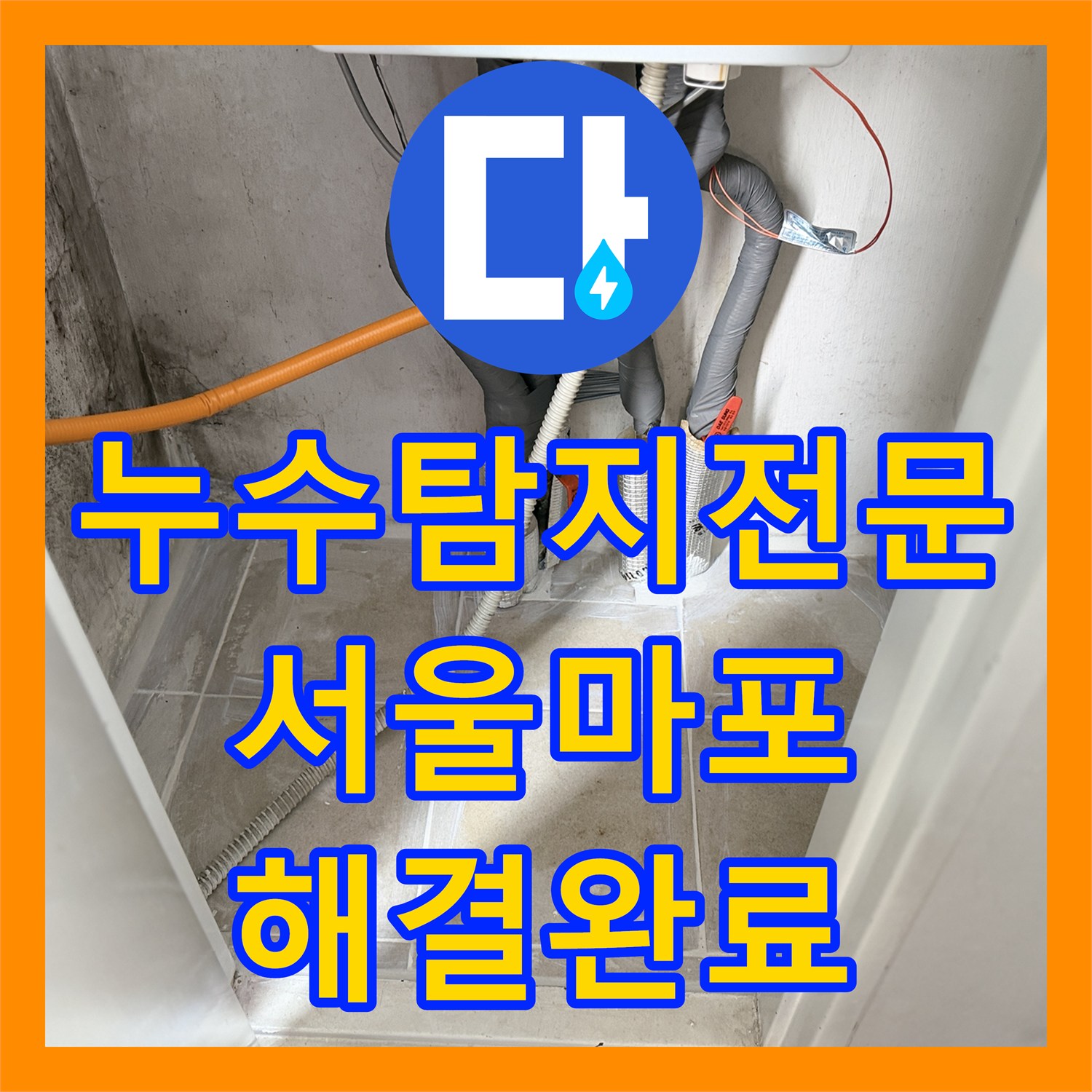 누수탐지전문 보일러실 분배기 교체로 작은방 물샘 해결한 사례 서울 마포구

########

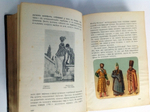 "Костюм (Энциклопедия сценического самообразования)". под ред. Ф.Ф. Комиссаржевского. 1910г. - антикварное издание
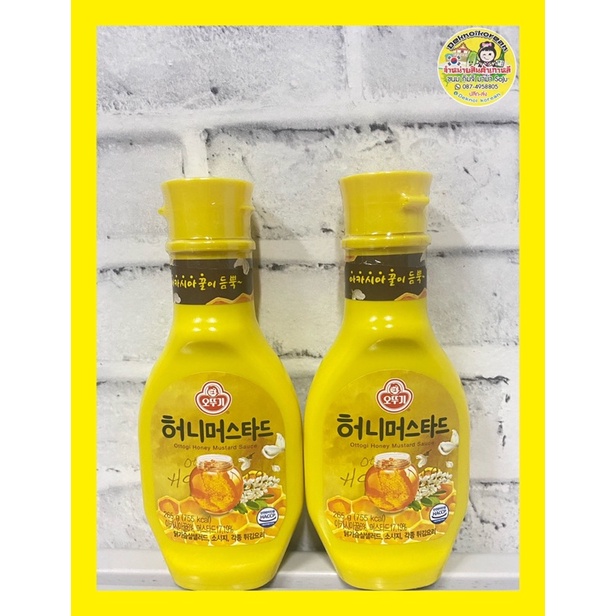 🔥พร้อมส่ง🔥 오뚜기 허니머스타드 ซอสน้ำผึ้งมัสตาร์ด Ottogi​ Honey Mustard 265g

########

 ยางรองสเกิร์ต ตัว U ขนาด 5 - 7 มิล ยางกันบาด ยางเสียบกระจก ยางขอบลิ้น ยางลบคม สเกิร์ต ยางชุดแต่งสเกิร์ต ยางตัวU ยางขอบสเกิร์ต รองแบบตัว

########

Problem details |
Return exactly the lines of the material above, starting at the line containing "- антикварное издание" and finishing at the line containing "Honey Mustard 265g", without any pictures.

Solution below |
 "Костюм (Энциклопедия сценического самообразования)". под ред. Ф.Ф. Комиссаржевского. 1910г. - антикварное издание
 🔥พร้อมส่ง🔥 오뚜기 허니머스타드 ซอสน้ำผึ้งมัสตาร์ด Ottogi​ Honey Mustard 265g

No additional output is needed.